Tahini 3 Ways

TahiniHas this ever happened to you? You found an interesting new recipe to try and bought some ingredients that you hadn’t used before. The recipe called for a small amount and now you don’t know what to do with the rest it.  Welcome to my world. I used to have a fridge and pantry full of 1-use ingredients, until I went on a mission to use them all up.

Tahini was an ingredient that I originally bought to make hummus. Then it languished in my fridge for awhile until I’d make hummus again. And again.  First let me say that hummus is super easy to make at home, and very economical if you’ve already got tahini sitting in your fridge. But there is so much more you can do with it!

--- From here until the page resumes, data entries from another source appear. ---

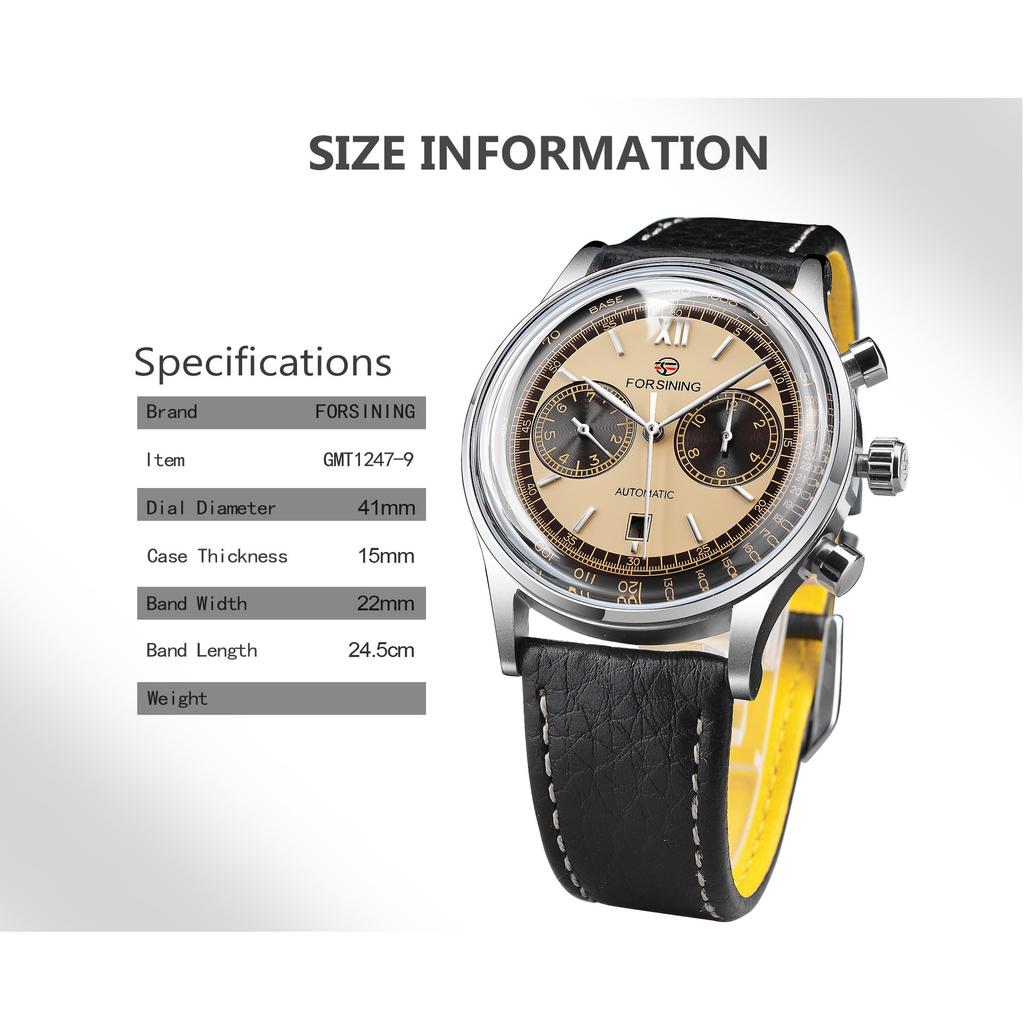 Forsining Men's Fashion Leisure Shanghai Movement Automatic Manipulator GMT1247-9-A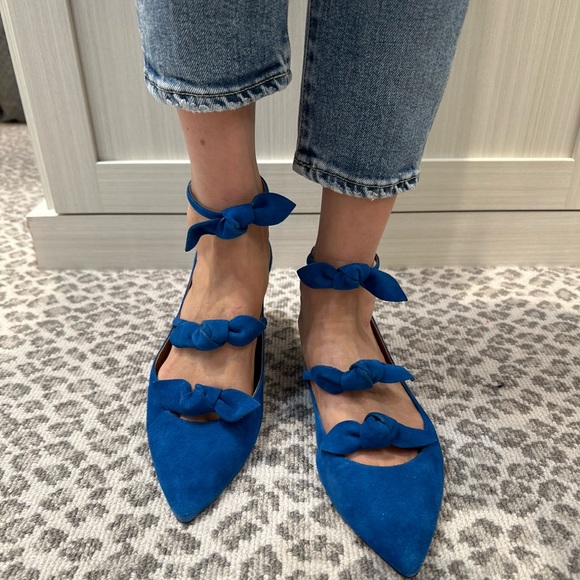 Aquazzura Shoes - Aquazurra 3 bow flat with point toe and zip back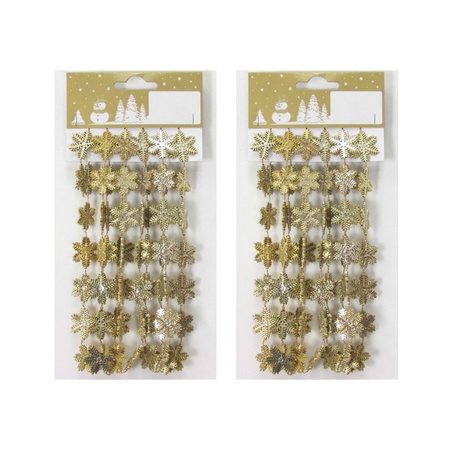 2x stuks gouden sneeuwvlokken guirlandes/slinger 180 cm kerstversiering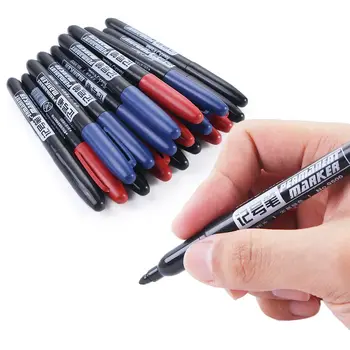 6 Buc/Set Marker Permanent Pen Bine Punctul de Tuș Peniță Subțire Brut Peniță Negru Albastru Cerneală Roșie 1,5 mm Fin de Culoare carioci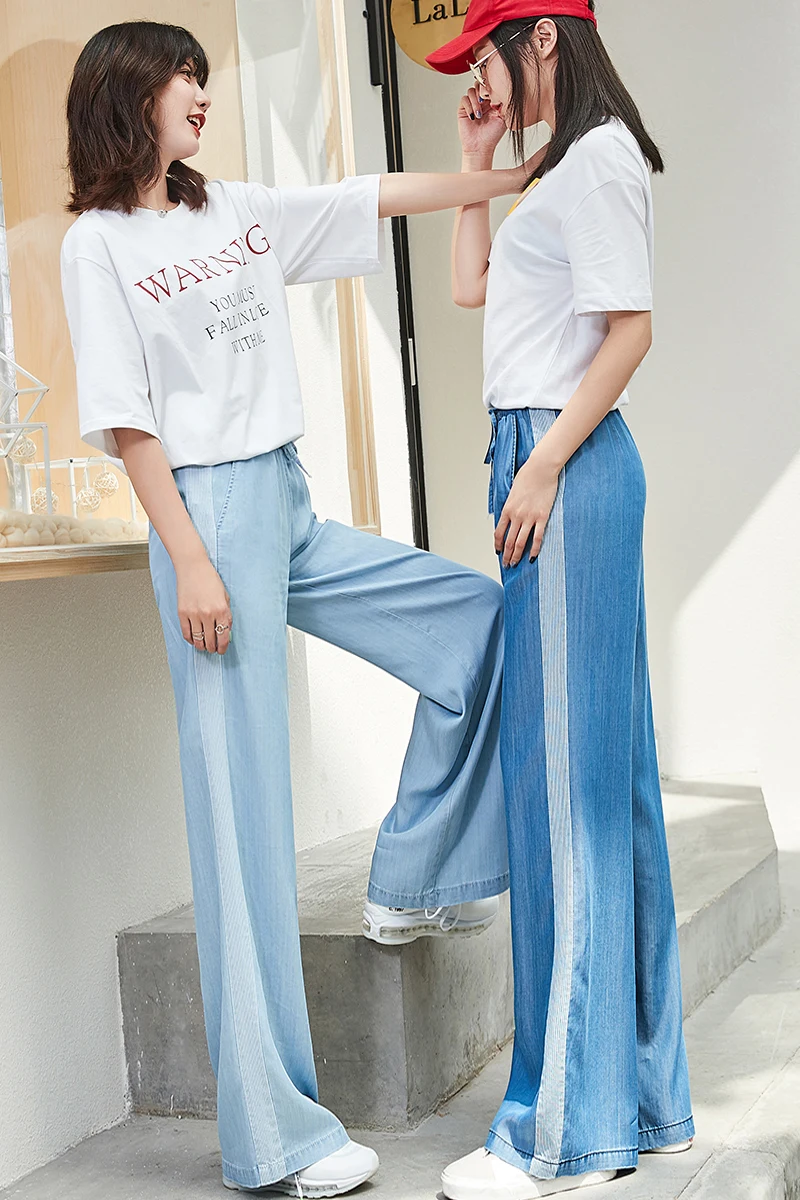 Women High Waist Tencel Jeans Woman 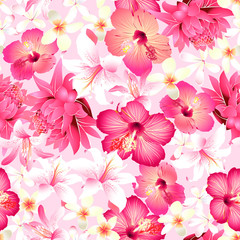 Tropical flowers with pink background seamless pattern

A quick primer if you’re not familiar with tahini. According to wikipedia, tahini is a paste of ground sesame seeds, typically used in North African, Greek, and West Asian cooking. East Asian cooking uses sesame paste as well, but of unhulled sesame seeds.

So, here are 3 recipes to use up that tahini you’ve got in your fridge, or to give you a reason to go out and try this versatile ingredient.

Hummus–a great snack for mom, dad, and the kids

Grilled Chicken Flatbread with Tahini Dressing–quick and easy grilled chicken dinner with a Mediterranean twist

Sesame Noodles–an Asian spin on tahini for a kid-friendly potluck or picnic meal

Do you already use tahini often? What are your favorite recipes?

Comments

  1. says

    I got the original recipe from Yotam Ottolenghi, this is his version
    For the sauce – 50g tahini paste, 40ml water, 1 small garlic clove, crushed, ½ tsp tamari soy sauce, ½ tbsp honey, ¾ tbsp cider vinegar, Pinch salt. Whisk them all together.
    Hope you like it :)

  2. says

    Love this! I actually have a nearly full jar of tahini in the fridge (used when I replicated Whole Foods’ kale with garlicky dressing). All of these recipes sound delish, and I have enough tahini to try ‘em all.